━━━ Dataset excerpts ━━━

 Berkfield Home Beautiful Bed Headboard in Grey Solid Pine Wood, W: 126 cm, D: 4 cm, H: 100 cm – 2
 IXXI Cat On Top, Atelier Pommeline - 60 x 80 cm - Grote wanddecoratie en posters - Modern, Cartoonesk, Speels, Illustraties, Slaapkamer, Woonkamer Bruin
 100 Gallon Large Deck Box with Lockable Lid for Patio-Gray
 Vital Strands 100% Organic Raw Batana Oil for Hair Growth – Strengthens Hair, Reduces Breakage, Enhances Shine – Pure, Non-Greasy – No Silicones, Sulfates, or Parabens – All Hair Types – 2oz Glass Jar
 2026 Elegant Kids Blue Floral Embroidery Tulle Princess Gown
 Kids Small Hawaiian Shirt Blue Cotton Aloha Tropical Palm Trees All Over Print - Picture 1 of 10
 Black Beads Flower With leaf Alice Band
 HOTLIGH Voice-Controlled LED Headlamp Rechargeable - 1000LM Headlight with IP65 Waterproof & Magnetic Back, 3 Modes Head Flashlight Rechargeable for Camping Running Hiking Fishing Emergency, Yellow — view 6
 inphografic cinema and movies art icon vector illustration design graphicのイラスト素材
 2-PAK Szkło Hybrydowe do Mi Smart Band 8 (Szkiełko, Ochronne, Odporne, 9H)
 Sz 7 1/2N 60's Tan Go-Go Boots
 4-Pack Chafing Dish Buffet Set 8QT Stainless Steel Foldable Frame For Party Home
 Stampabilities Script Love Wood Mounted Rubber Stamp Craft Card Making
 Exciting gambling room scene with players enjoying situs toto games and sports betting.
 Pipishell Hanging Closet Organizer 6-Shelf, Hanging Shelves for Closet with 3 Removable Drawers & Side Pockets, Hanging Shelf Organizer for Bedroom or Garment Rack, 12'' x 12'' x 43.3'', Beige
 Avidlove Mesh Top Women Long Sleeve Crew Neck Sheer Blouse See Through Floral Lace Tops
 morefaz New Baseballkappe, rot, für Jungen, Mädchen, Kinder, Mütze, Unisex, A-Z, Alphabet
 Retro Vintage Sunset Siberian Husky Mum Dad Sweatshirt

━━━

- What you are asked to do:
Each record above has to be set down again, exactly and completely.

- Your solution:
 Berkfield Home Beautiful Bed Headboard in Grey Solid Pine Wood, W: 126 cm, D: 4 cm, H: 100 cm – 2
 IXXI Cat On Top, Atelier Pommeline - 60 x 80 cm - Grote wanddecoratie en posters - Modern, Cartoonesk, Speels, Illustraties, Slaapkamer, Woonkamer Bruin
 100 Gallon Large Deck Box with Lockable Lid for Patio-Gray
 Vital Strands 100% Organic Raw Batana Oil for Hair Growth – Strengthens Hair, Reduces Breakage, Enhances Shine – Pure, Non-Greasy – No Silicones, Sulfates, or Parabens – All Hair Types – 2oz Glass Jar
 2026 Elegant Kids Blue Floral Embroidery Tulle Princess Gown
 Kids Small Hawaiian Shirt Blue Cotton Aloha Tropical Palm Trees All Over Print - Picture 1 of 10
 Black Beads Flower With leaf Alice Band
 HOTLIGH Voice-Controlled LED Headlamp Rechargeable - 1000LM Headlight with IP65 Waterproof & Magnetic Back, 3 Modes Head Flashlight Rechargeable for Camping Running Hiking Fishing Emergency, Yellow — view 6
 inphografic cinema and movies art icon vector illustration design graphicのイラスト素材
 2-PAK Szkło Hybrydowe do Mi Smart Band 8 (Szkiełko, Ochronne, Odporne, 9H)
 Sz 7 1/2N 60's Tan Go-Go Boots
 4-Pack Chafing Dish Buffet Set 8QT Stainless Steel Foldable Frame For Party Home
 Stampabilities Script Love Wood Mounted Rubber Stamp Craft Card Making
 Exciting gambling room scene with players enjoying situs toto games and sports betting.
 Pipishell Hanging Closet Organizer 6-Shelf, Hanging Shelves for Closet with 3 Removable Drawers & Side Pockets, Hanging Shelf Organizer for Bedroom or Garment Rack, 12'' x 12'' x 43.3'', Beige
 Avidlove Mesh Top Women Long Sleeve Crew Neck Sheer Blouse See Through Floral Lace Tops
 morefaz New Baseballkappe, rot, für Jungen, Mädchen, Kinder, Mütze, Unisex, A-Z, Alphabet
 Retro Vintage Sunset Siberian Husky Mum Dad Sweatshirt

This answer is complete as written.